During his days as a lawyer, Abraham Lincoln was approached by a stranger to secure his services. After reading a history of the man's case, Lincoln astonished him by saying, "I cannot serve you, for you are wrong, and the other party is right." The man replied, "That is none of your business, if I hire and pay you for taking my case." "Not my business!" exclaimed Lincoln. "My business is never to defend wrong. I never take a case that is manifestly wrong." "Not for any amount of pay?" said the stranger. "Not for all you are worth," replied Lincoln.
Years ago, William Hersey Davis wrote a comparison between reputation and character:
"The circumstances amid which you live determine your reputation; the truth you believe determines your character.
Reputation is what you are supposed to be; character is what you are.
Reputation is the photograph; character is the face.

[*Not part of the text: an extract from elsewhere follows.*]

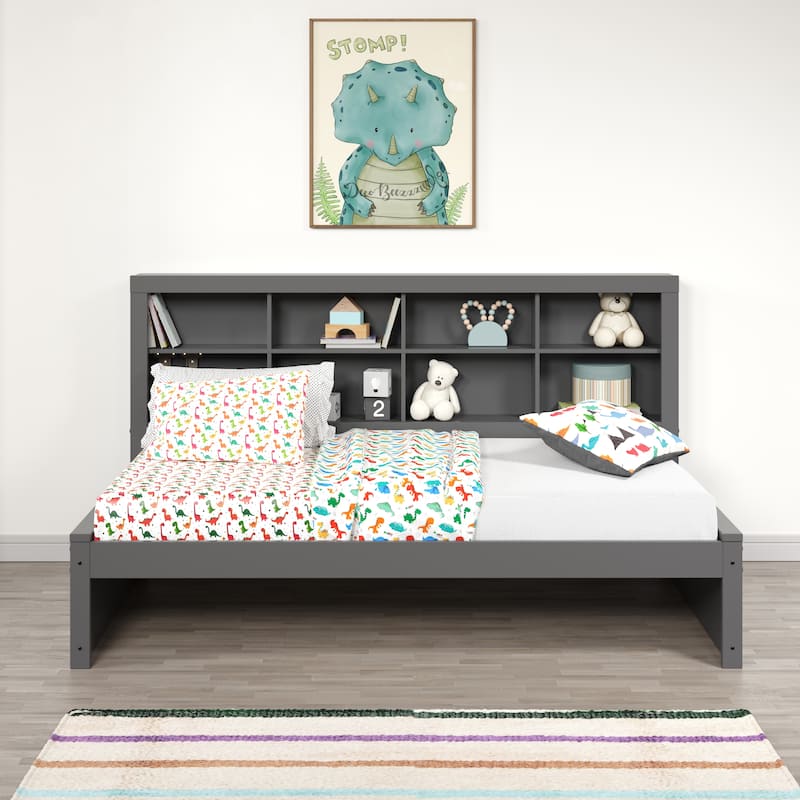 Twin Bookcase Daybed in Dark Grey with optional Trundle or Drawers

Reputation comes over one from without; character grows from within.
Reputation is what you have when you come to a new community; character is what you have when you go away.
Your reputation is learned in an hour; your character does not come to light for a year.
Reputation is made in a moment; character is built in a lifetime.
Reputation grows like a mushroom; character grows like an oak.
A single newspaper report gives you your reputation; a life of toil gives you your character.
Reputation makes you rich or makes you poor; character makes you happy or makes you miserable.
Reputation is what men say about you on your tombstone; character is what the angels say about you before the throne of God."
We should all remember that we inherit personality, but we build character.